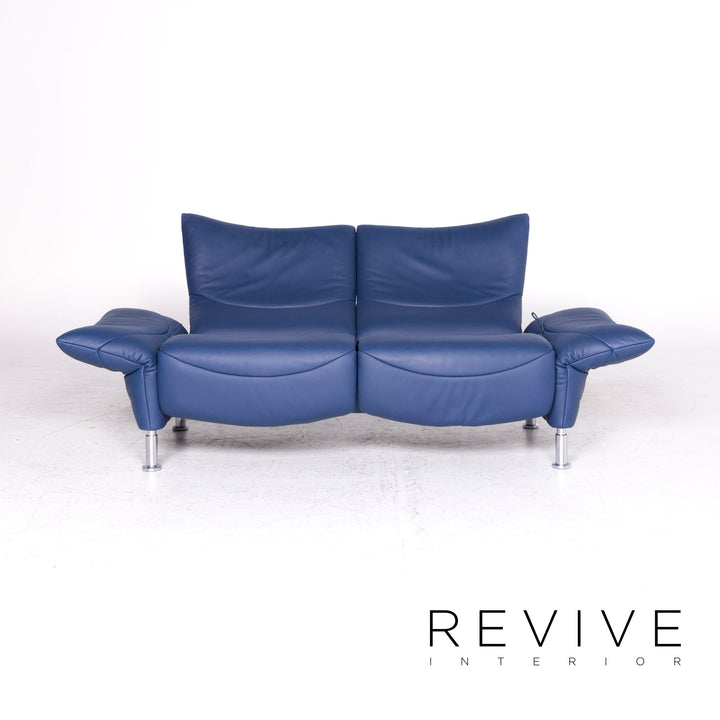 de Sede ds 145 Leder Sofa Blau Zweisitzer Funktion Couch #8806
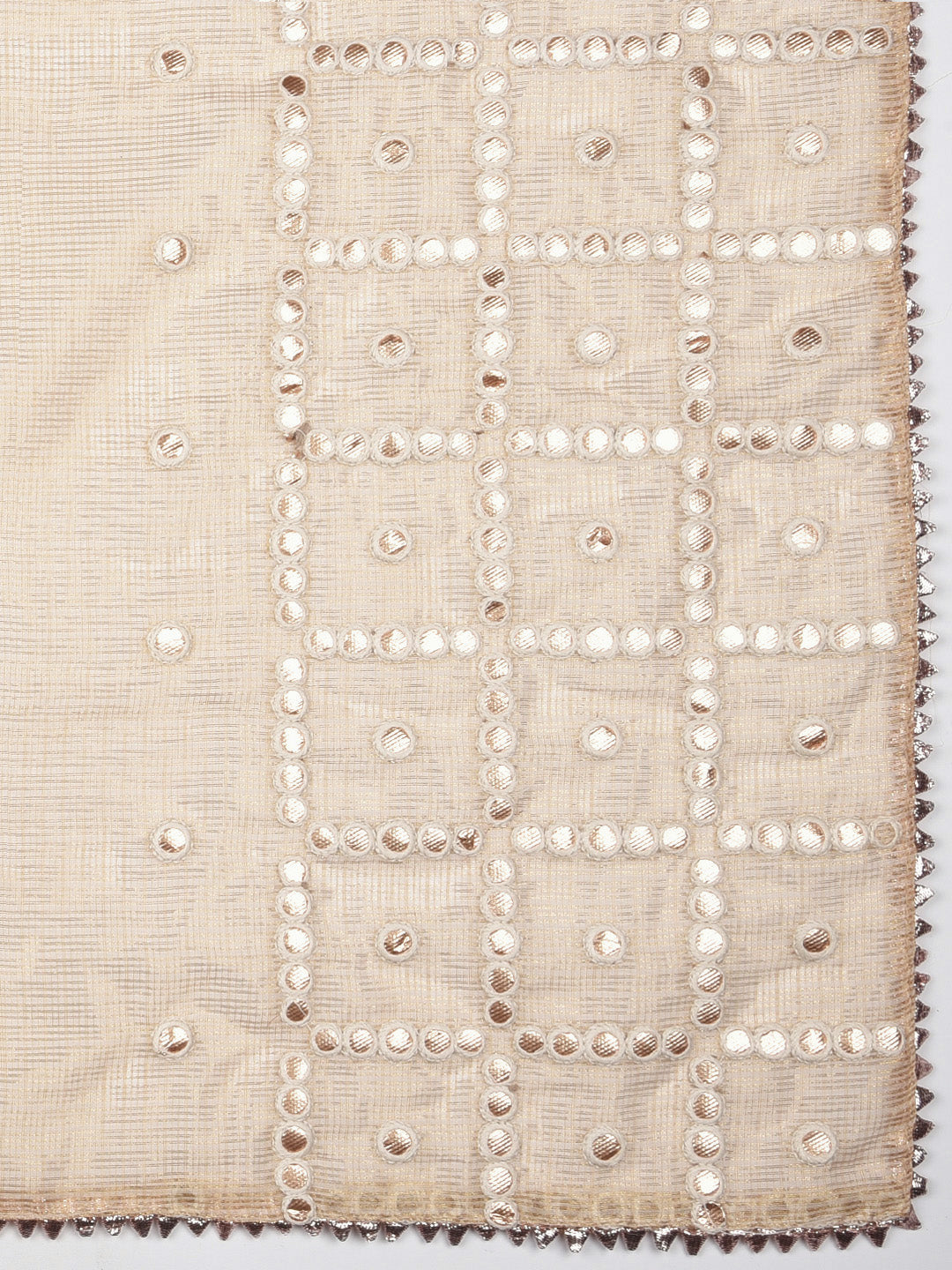 Dupatta Bazaar Woman's Gold Tissue Silk Dupatta embellished with mirror work. - Dupatta Bazaar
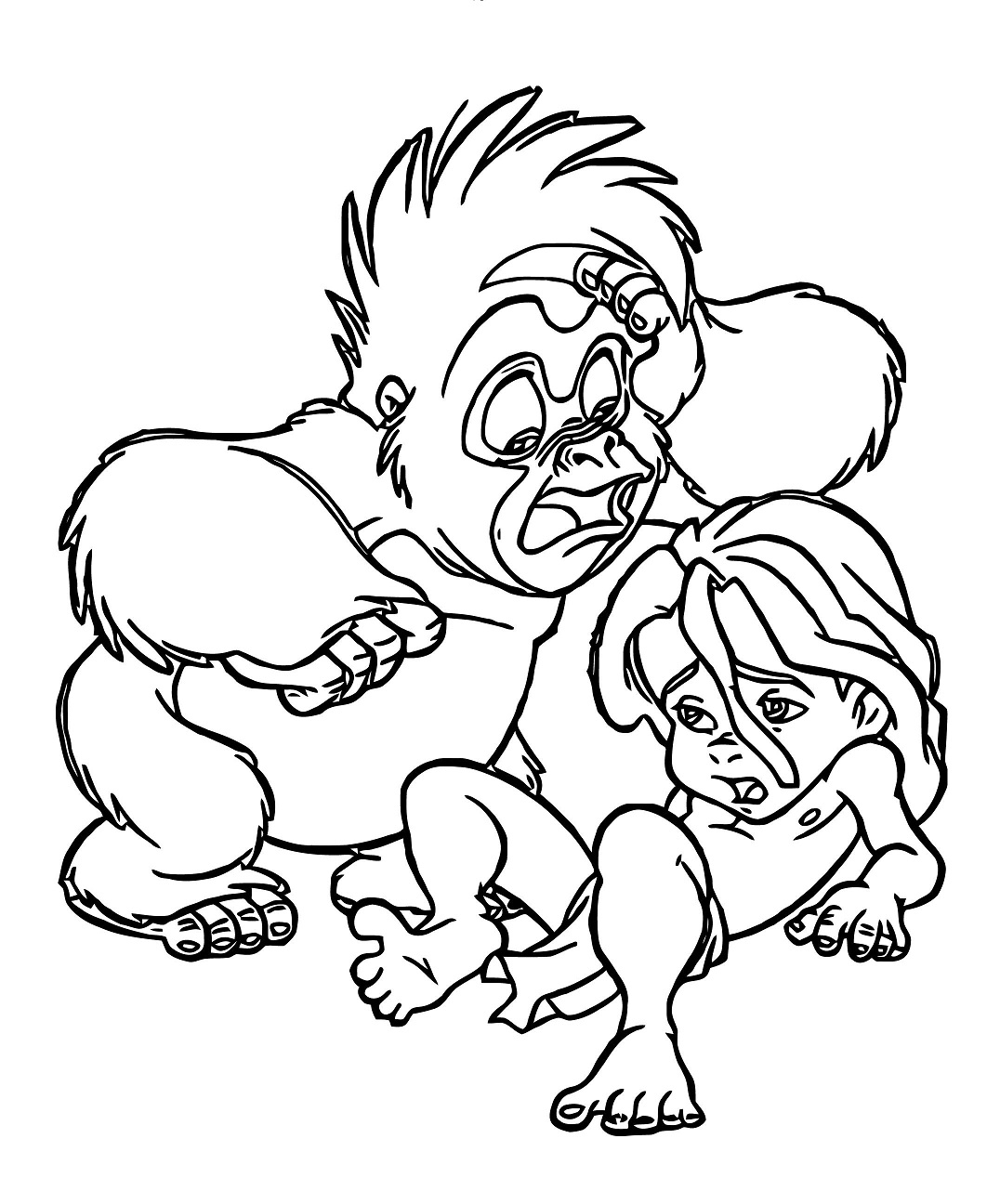 Tarzan divertente con Terk da colorare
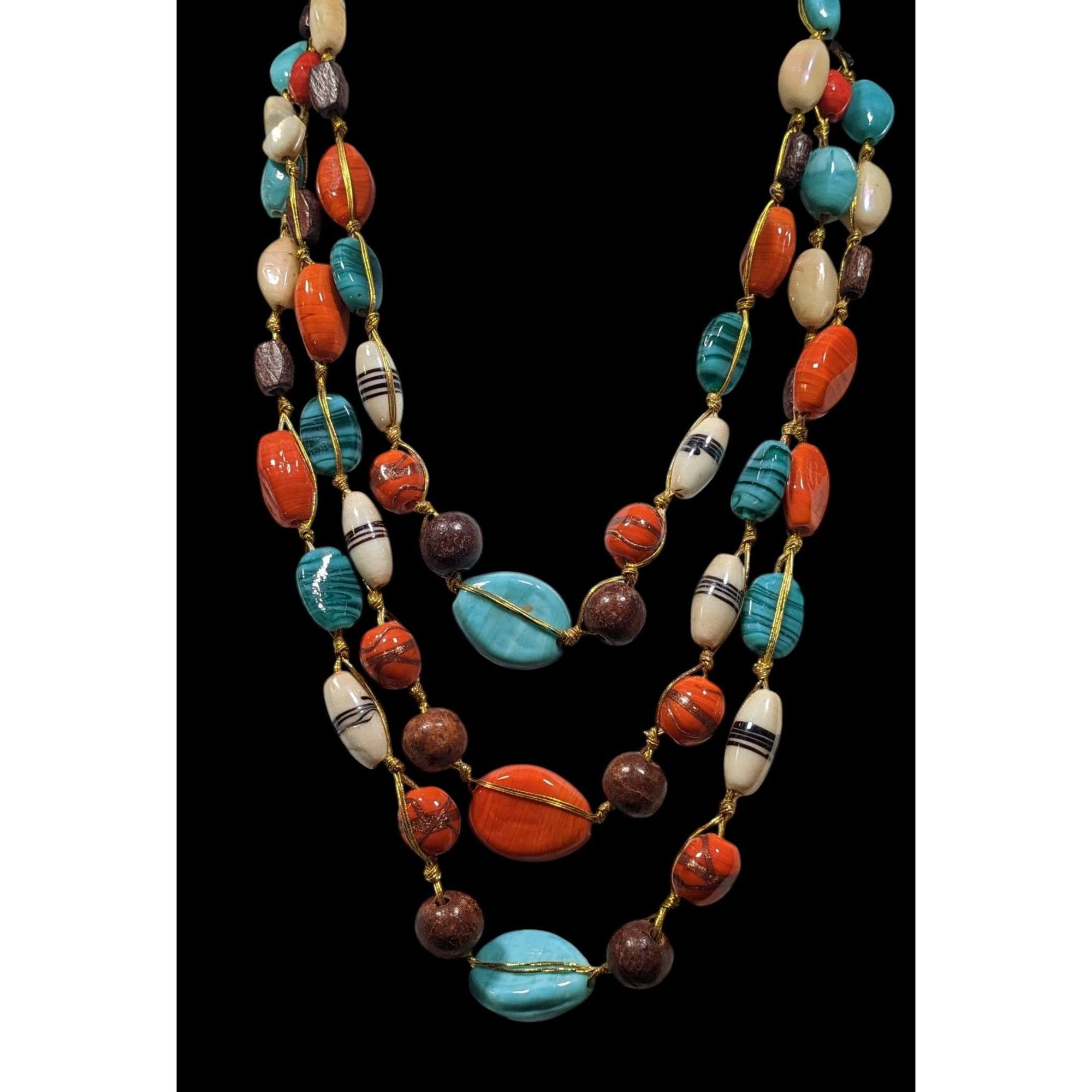 Other Bohemian Multilayer Blue And Orange Glass And Wood Beaded Ne Size ONE SIZE - 6 Thumbnail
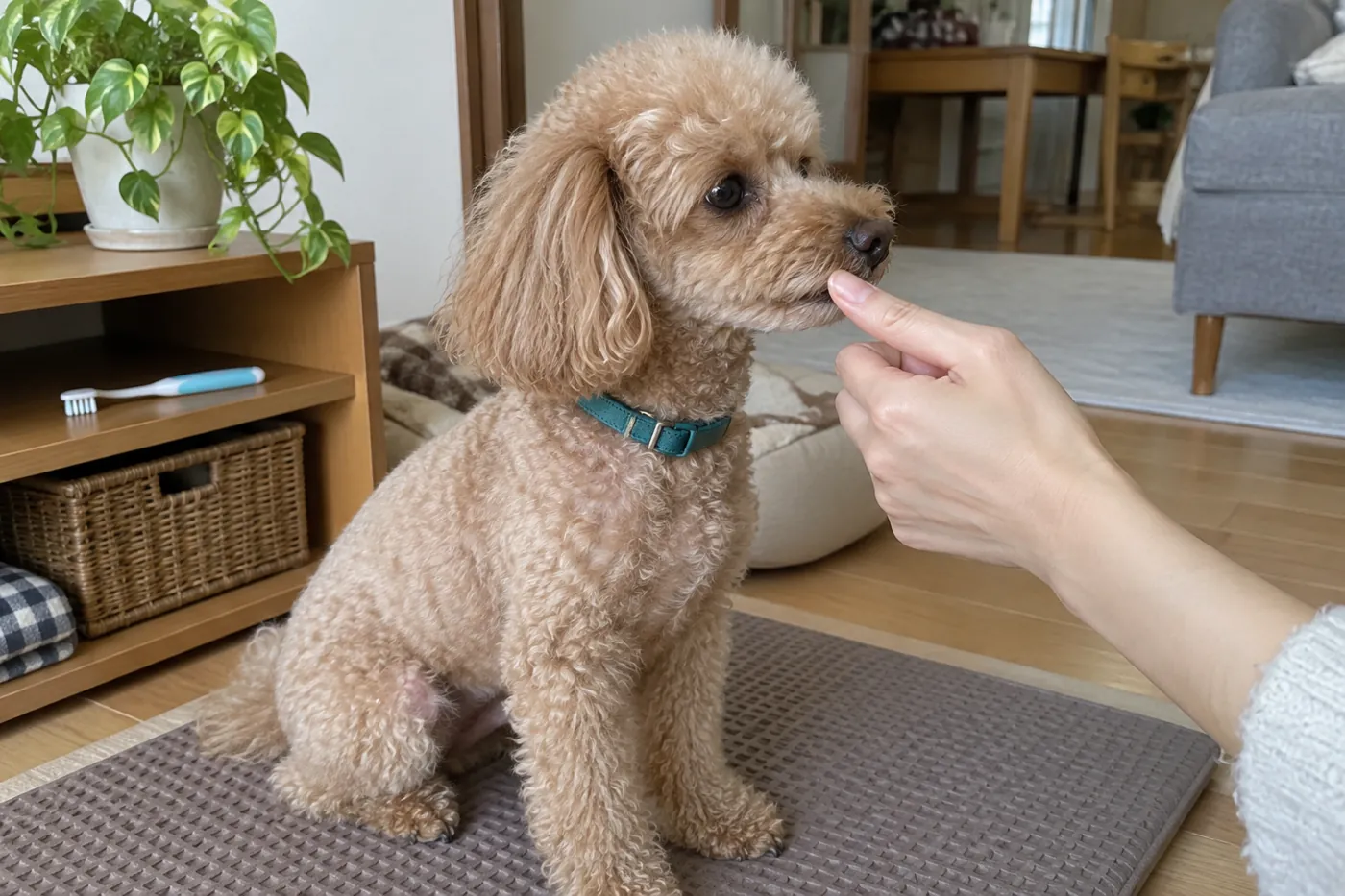 犬が落ち着いた姿勢で口元に触れられる練習をする様子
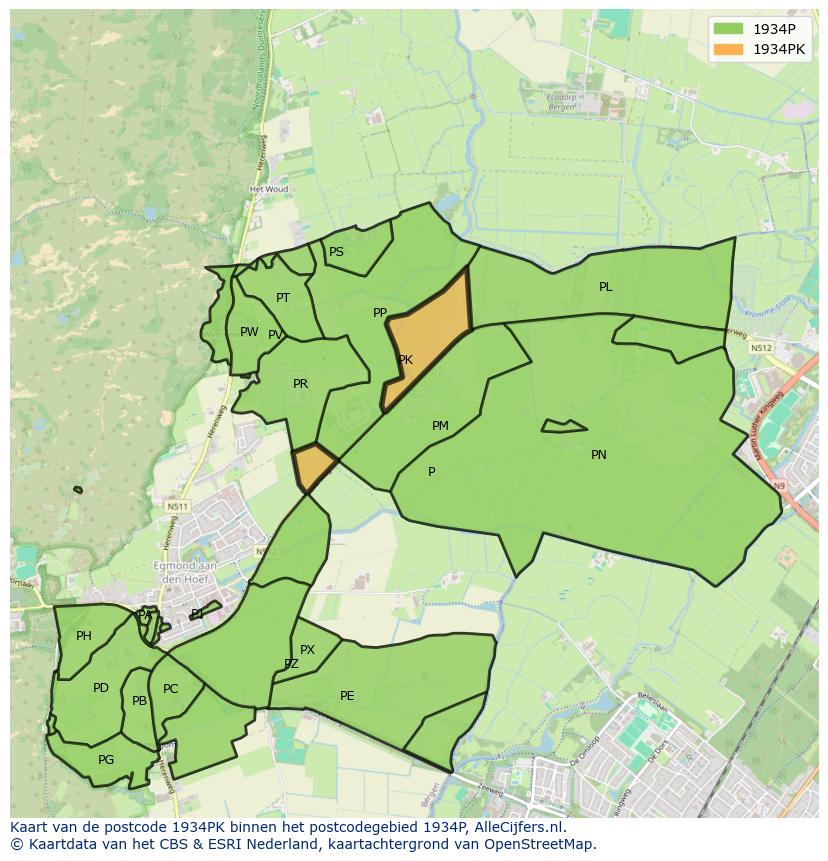 Afbeelding van het postcodegebied 1934 PK op de kaart.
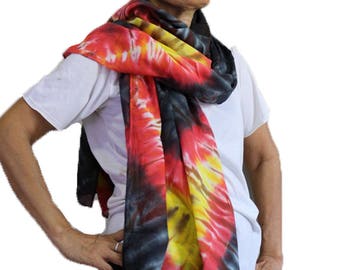 Black Yellow Orange Tie Dye Cotton Wrap Scarf Cotton Shawl Summer Beach Accessories (9)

══════════════════════════════

Output nothing except an exact copy of the records above, with the images left out.

Answer section:
 de Sede ds 145 Leder Sofa Blau Zweisitzer Funktion Couch #8806
 Dupatta Bazaar Woman's Gold Tissue Silk Dupatta embellished with mirror work. - Dupatta Bazaar
 Tarzan divertente con Terk da colorare
 Other Bohemian Multilayer Blue And Orange Glass And Wood Beaded Ne Size ONE SIZE - 6 Thumbnail
 犬が落ち着いた姿勢で口元に触れられる練習をする様子
 Afbeelding van het postcodegebied 1934 PK op de kaart.
 Black Yellow Orange Tie Dye Cotton Wrap Scarf Cotton Shawl Summer Beach Accessories (9)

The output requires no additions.